___ Data provided
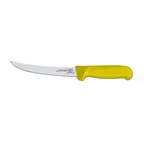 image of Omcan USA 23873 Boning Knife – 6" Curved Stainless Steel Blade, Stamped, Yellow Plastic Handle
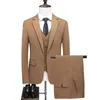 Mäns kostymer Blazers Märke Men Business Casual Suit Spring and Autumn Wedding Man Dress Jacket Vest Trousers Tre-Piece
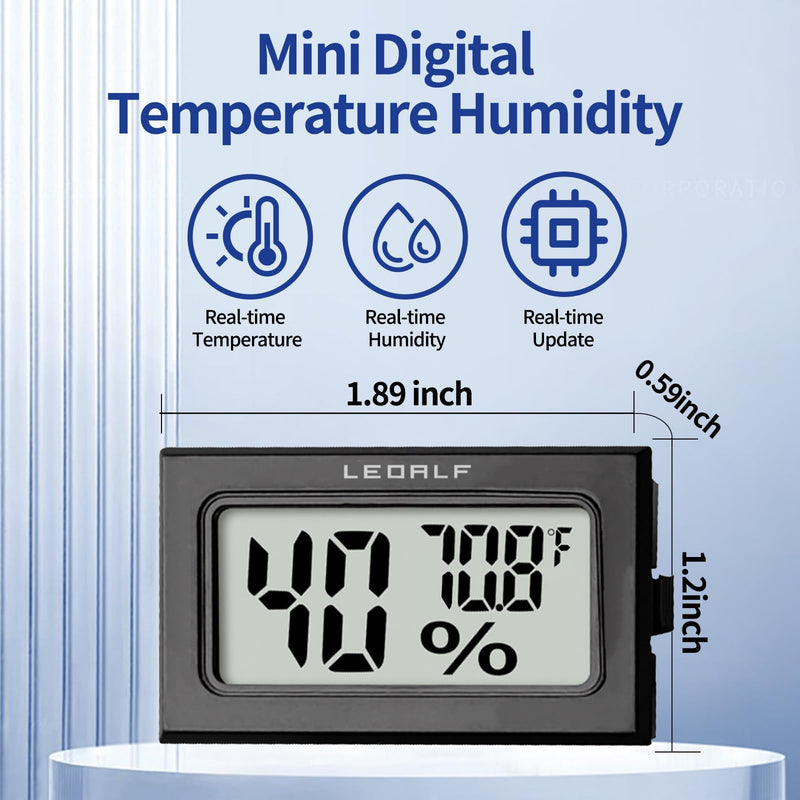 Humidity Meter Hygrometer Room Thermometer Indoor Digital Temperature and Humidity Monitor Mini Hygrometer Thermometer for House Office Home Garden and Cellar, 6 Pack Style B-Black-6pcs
______
___ Data provided
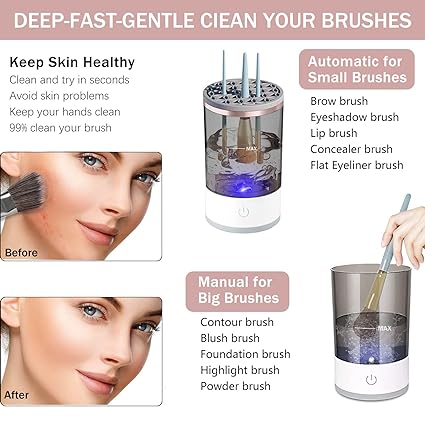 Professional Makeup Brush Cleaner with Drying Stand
______
**What you should do**
The material above holds pictures; leave them out. Repeat exactly the lines from the one containing "image of Omcan" through the one containing "Humidity Meter Hygrometer", and nothing else.

**Final answer**
 image of Omcan USA 23873 Boning Knife – 6" Curved Stainless Steel Blade, Stamped, Yellow Plastic Handle
 Mäns kostymer Blazers Märke Men Business Casual Suit Spring and Autumn Wedding Man Dress Jacket Vest Trousers Tre-Piece
 Humidity Meter Hygrometer Room Thermometer Indoor Digital Temperature and Humidity Monitor Mini Hygrometer Thermometer for House Office Home Garden and Cellar, 6 Pack Style B-Black-6pcs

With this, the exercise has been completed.